Both have timer/pid, two dials. Where do you prefer your dials and PID? At the top? Or at the bottom where your eyes are already looking at the PF area, but where your sight line might have stuff in the way - cups, PF, scales etc?

How about the styling details? Look at the lever and portafilter handles on the ECM. You've just gotta touch them.....

You'll see more Profitecs on sale on the net from various suppliers. I think ECM choose their dealerships very carefully.

Iirc the price difference between the two is £130ish. Well the ECM handles are £60 each, and the lever steam controls are typically £100+ options on prosumer machines. The chrome work on the ECM (imho) looks better worked.

The Profitec was a close call, but in the end I've chosen Synchronika. I will be looking at the thing every time I go into the kitchen for years and years and years. In six months time I don't want to be wishing I'd spent just a little bit more for the individual looks, style and functionality of the ECM.
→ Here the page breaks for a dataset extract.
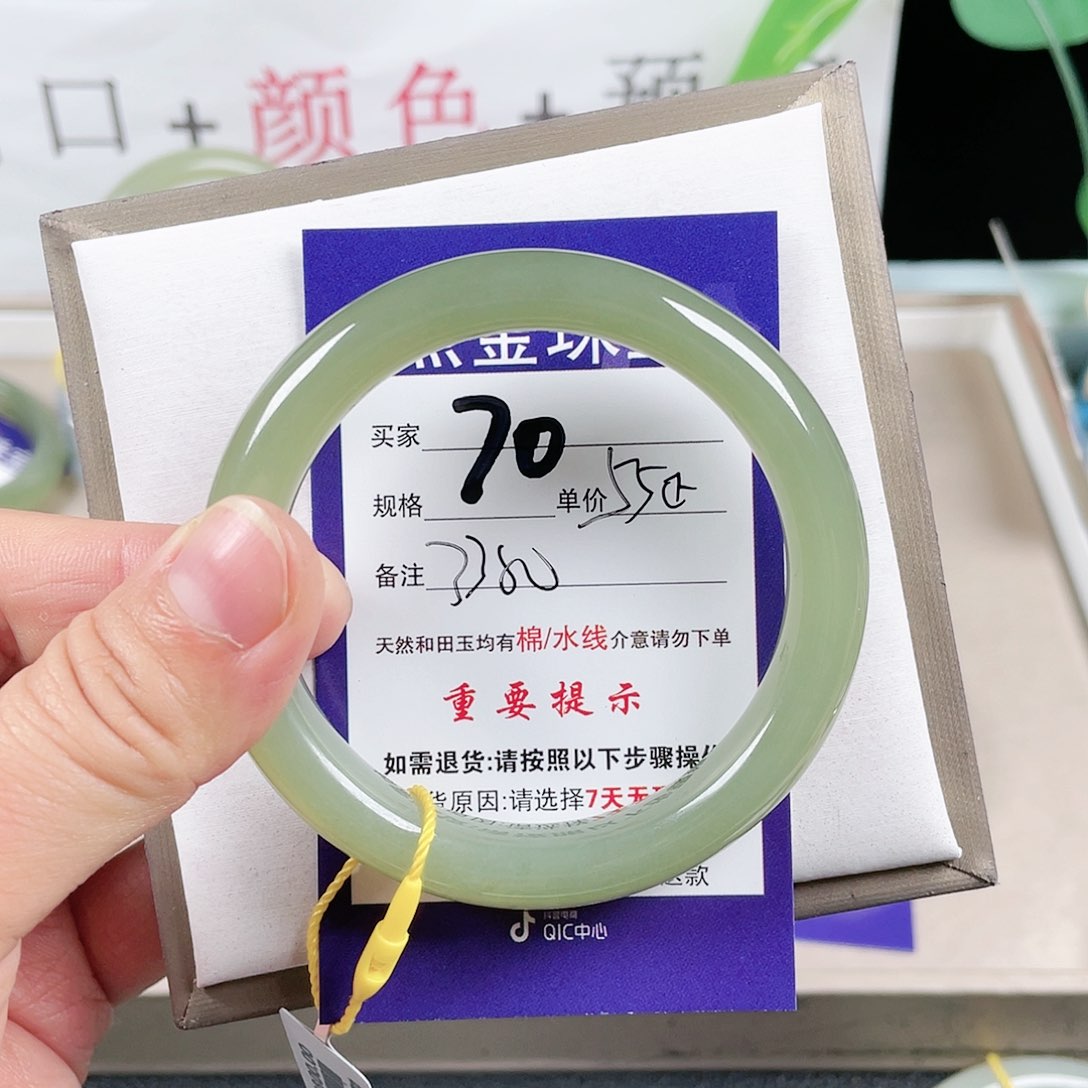 和田玉手镯未镶嵌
I used to work for IBM in a previous life, and if they made coffee machines it would be ECM! There was a company motto that remains with me to this day: "The Quality endures long after the Price has been forgotten".

Here's an engineer's assessment of the 700. Nothing wrong with it at all. Go with your gut. I suspect that by even asking the question, though, deep down you want the ECM.....!?

Oh, I forgot to mention the Profitec grinder matches the 700, and was on my short list for a matching duo, but further research into Profitec/ECM grinders (on three continents!) moved me away from them. Retention is significant on all, the Profitec clumps, and the Titan is inconsistent and wasteful.

https://www.home-barista.com/espresso-machines/notes-on-profitec-pro-700-use-by-engineer-t34748.html

And for balance there is this:


----------



## icom102 (Aug 7, 2017)

both look good but what extra do you get for your money with the Synchronika?


----------



## MediumRoastSteam (Jul 7, 2015)

CardinalBiggles said:


> Oh, I forgot to mention the Profitec grinder matches the 700, and was on my short list for a matching duo, but further research into Profitec/ECM grinders (on three continents!) moved me away from them. Retention is significant on all, the Profitec clumps, and the Titan is inconsistent and wasteful.


Have you actually used one? I have used the T64 for almost 2 years, and I disagree somewhat to your comments.

If you had researched in all the tree continents (There are 6 in total, so not sure which of the tree you searched at)  There is a quite detailed evaluation on a mod to improve the retention rate at the CoffeeSnobs forum in Australia. It was done by me.

Retention is about 6g in the cute. Retention inside the chamber is about 1g.

It does not clump.

It's very consistent, if used as intended.

It's a great machine, and I would have one again in a heart beat if I had the space on my counter top.


----------



## MediumRoastSteam (Jul 7, 2015)

icom102 said:


> both look good but what extra do you get for your money with the Synchronika?


Joysticks, better portafilters, better finish overall. It's pretty much a Pro-700 inside.


----------



## kennyboy993 (Jan 23, 2017)

Better styling too imo


----------



## CardinalBiggles (Apr 24, 2017)

.


----------



## CardinalBiggles (Apr 24, 2017)

icom102 said:


> both look good but what extra do you get for your money with the Synchronika?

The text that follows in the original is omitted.